I also, not that surprisingly, watch people riding along the sidewalk on them. Riding down the pedestrian zone of Sparks Street right past the ‘walk your bike’ signs. And all of that. But really, I just shake my head and remember that they might not be accustomed to riding, in which case I might actually prefer to have them on the sidewalk than on the street and spooked. We want this to be pleasant for people, right? Plus, having a bunch of people wobbling around on Bixis is a bit like Bike to Work Week – a good cause, for which you pay with a lot of novice/occasional riders out on the streets.And every novice rider is a potential future bike commuter.
Other things that surprise me about Bixi: the activity at the stations. I saw, yesterday, a fascinating animation showing usage at the stations over time. I was amazed at how much use the bikes are getting, and at where the heavy-use stations are. (The two stations in the Market, in particular, which ran out of bikes a couple of times during the span of the animation.) Watching the animation was like getting a little insight into the rhythm of the city: where people are, and where they move to, through the day.
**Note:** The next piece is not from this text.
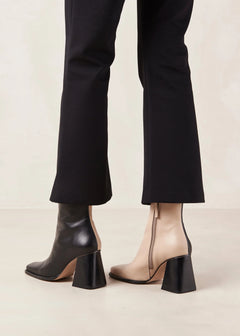 South Bicolor Leather Boot - Stone Beige Black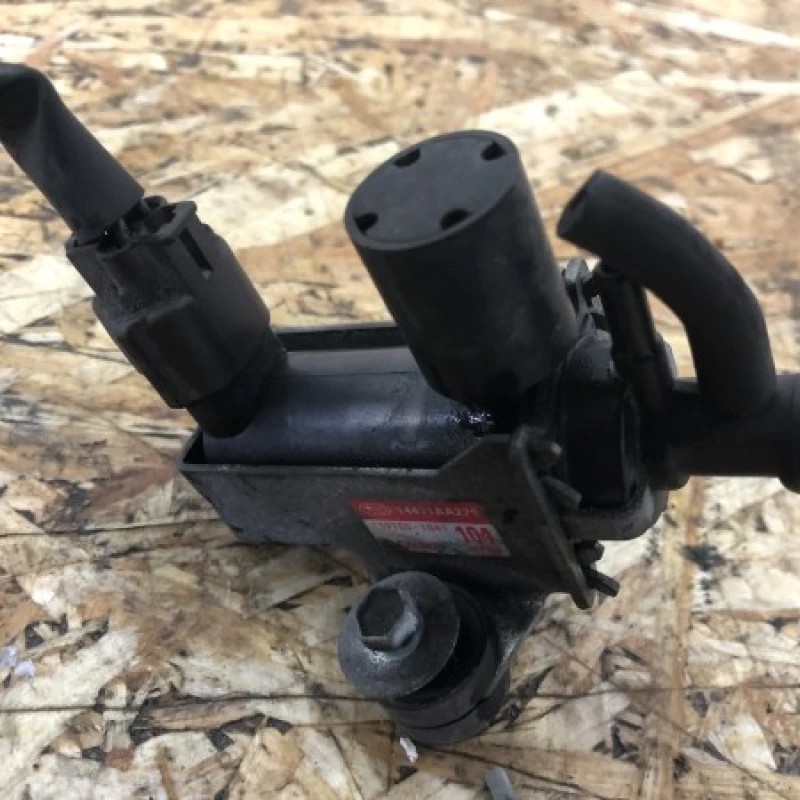 Supapa vacuum / Subaru Outback Outback 2010 / Audio si electronice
Which then gets me to the other really surprising thing about Bixi. Today, someone posted a picture on Twitter of a truck loading up bikes from one station in Toronto to balance out the bikes at another, and I realized the scale of the infrastructure Bixi must have to have. Somehow I thought most of the obstacles to running something like Bixi would be initial materials – the bikes, the racks, the computerized locks and booking system – and then it would be a matter of someone, or a few someones, maintaining the memberships, tracking credit card transactions, and following up on damage or loss of bikes, that kind of thing. I hadn’t thought that they would also need someone to track usage in real time in order to move bikes around. But because you don’t have to return the bikes to the same station, well, of course they run into ebb and flow of numbers, and have to shuffle bikes around town. Constantly. Amazing. I don’t know if they have trucks like that in operation here in Ottawa, but judging from that animation, if they don’t, they’ll soon need to.
At least, I can hope. I wouldn’t mind having more stations to wave at as I go by.